It was hard to believe that Sir Cliff could keep up the momentum in part two, but he rose to the challenge in a tight-fitting dance suit with his fast rock number, “Wired for Sound”. An anecdote about the number of high-profile deaths over the past four years, many of whom were friends, led Cliff seamlessly to the Robin Gibb ballad, “Don’t Cry alone” sung from the heart, perched on a high-stool in a pool of light. He certainly knew how to milk emotions, and here there was an allusion to his deep and lasting religious faith.
John Farrar’s 1980 composition for Olivia Newton-John and Cliff Richard for the film, ‘ Xanadu’, “Suddenly” was performed as a duet with Suzie Furlonger with carefully choreographed movements across the wide stage, and by now she had won the audience’ approval as a musical partner and singer in her own right. In contrast Hank Marvin’s “The Day I met Marie” had been a Rock and Roll hit for Cliff Richard and the Shadows in 1979, and Chuck Berry’s 1958 “Sweet Little Sixteen” returned the mood to the hey-day of American R & R, complete with lighting effects and driving drum rhythms from Scottish Andy McGlasson.

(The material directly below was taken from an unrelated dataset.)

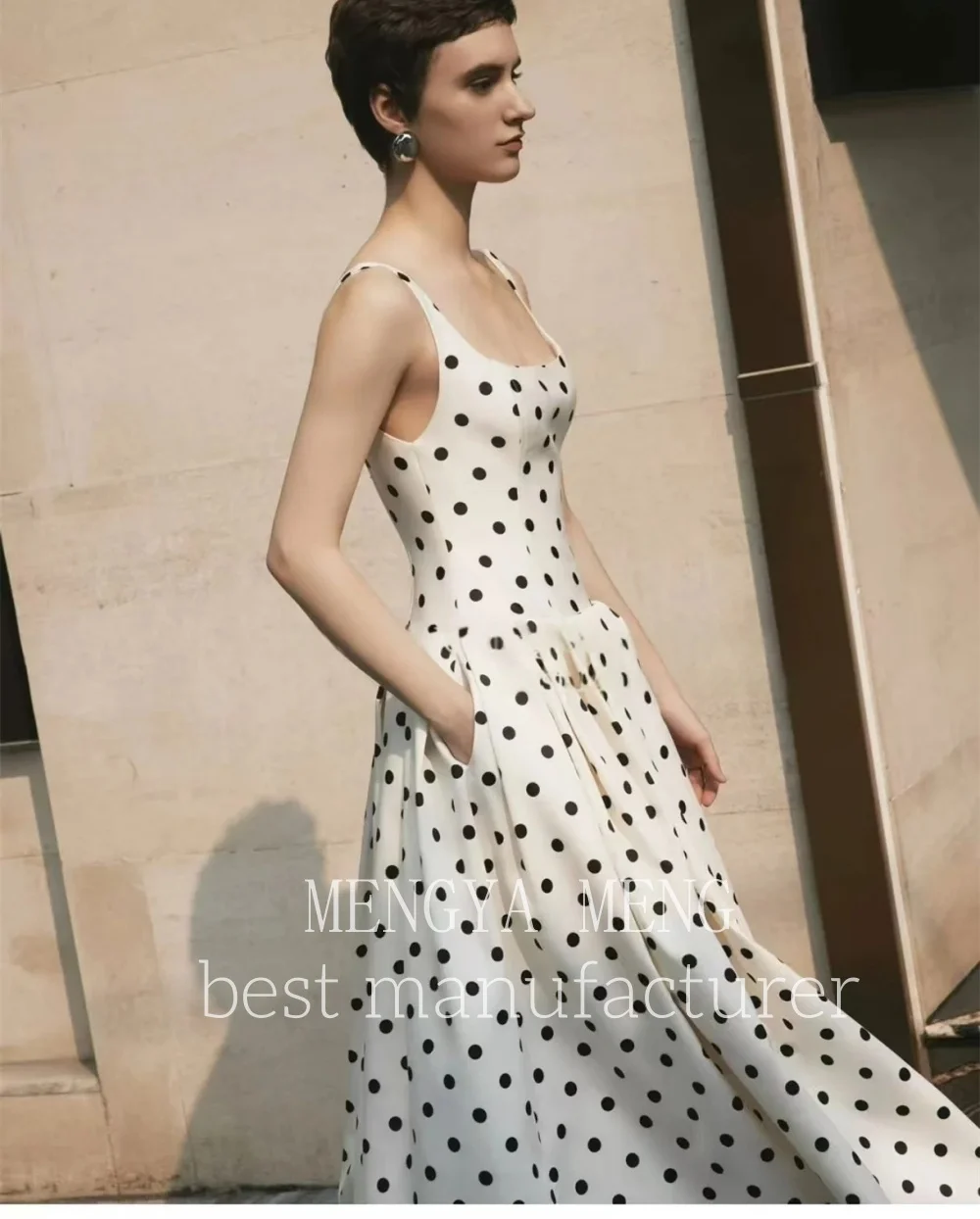 ZHUISHU 2025 Vintage Black White Polka Dot Strapless Square Neck Satin A-line Maxi Dress Fitted Waist Evening Gown Party Dress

One of the first Rock and Roll hits ever may well have been the 1950s “Singing the Blues” but Sir Cliff Richard and his band brought it right up to date (in a blue light, of course) with some fine bass playing from the brilliant South Londoner, Steve Walters. With a revisit to the 1968 Eurovision Song Contest (which he did not win) with “Congratulations” we were singing along in our seats — actually in sections, directed by the singer! Finally, Britain’s first authentic Rock and Roll Classic of 1958 was Cliff Richard’s “Move it”, the best saved till almost last. With an appropriate reprise of “It’s Gonna Be OK” as encore, there was nothing left to say except, “Good night Cliff, and thank you for bringing Britain’s golden age of Rock and Roll to Oman”. He is a role model without a doubt; I wonder how many of us will be singing and dancing like him on our 77th birthday.